Sharon Meyer: Charlie, there are some cool looking trees in here and I'm hoping you are going to tell me what they are.
Charlie Nardozzi: Yes, I will. Because fall is for tree planting and we are up at the UVM Arboretum right on the campus here in Burlington and it's a great place to come to find out all kinds of different trees. There are some beautiful things here and a lot of unusal ones.
Sharon Meyer: They are unusual and I'm sort of surprised that some of them are growing here.
Charlie Nardozzi: Yes, well they all are obviously hardy here, especially the one that we have right behind us -- that's the dawn redwood.
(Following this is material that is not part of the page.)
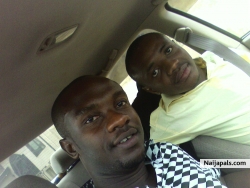 me and ma cous
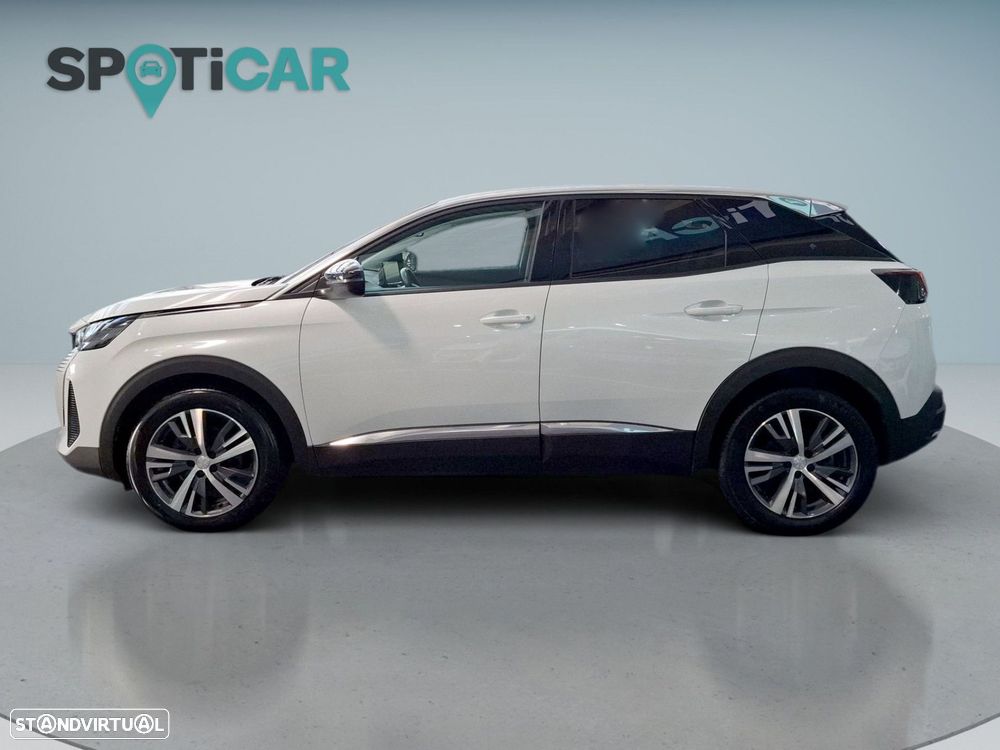 Peugeot 3008 1.5 BlueHDi Allure EAT8 - 4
Sharon Meyer: That is cool.
Charlie Nardozzi: It looks kind of like a redwood because it's kind of in that family. It was lost to mankind until the 1920s when they rediscovered it in China. And now you can buy it and grow it as a regular tree. It can grow up to 70-feet tall, but this one is only going to get maybe 30 or 40-feet tall and it's different from a regular redwood in that it drops all of its leaves in the fall.
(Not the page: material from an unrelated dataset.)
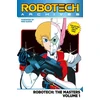 KNYGA Mike Baron Robotech Archives: Masters Volume 1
But it has a beautiful bark, it grows well, it loves moisture and a full sun location -- a very fast growing tree -- so a nice one to plant if you have a zone 5 location.
And the same with the one behind us. This is the paper bark maple, a beautiful zone 5 tree. It gets about 25-feet tall, but the calling card of course is that beautiful cinnamon colored bark that's just peeling, you can almost imagine snow all around it and how it would really stand out in the winter time.
Now if you want fruit -- and I love fruit -- there's the American persimmon. So you probably know of the regular persimmon, the Asian one. Well, this is an American one. It's hardy to zone 4. It produces those little fruits that turn orange -- they are just starting to turn now.
Sharon Meyer: And those are edible?
Charlie Nardozzi: Well, you don't want to eat them yet because they are very astringent, but when they get really soft and really ripe, then they taste delicious. This is a 30 to 40-foot tall tree. It looks like an avocado almost. It's really kind of a unique tree in the landscape and they are really tough.
And then there is one last shrub I want to throw in -- it's called a ghost bramble. It's a bramble from Tibet, like a blackberry and it has white stems on it so it's really cool when it drops all of it's leaves. It's got these ghostly white stems hanging out in the landscape.
Sharon Meyer: Oh, that's cool
Charlie Nardozzi: So, if you are looking for some ideas, come up to the UVM Arboretum right on the UVM campus.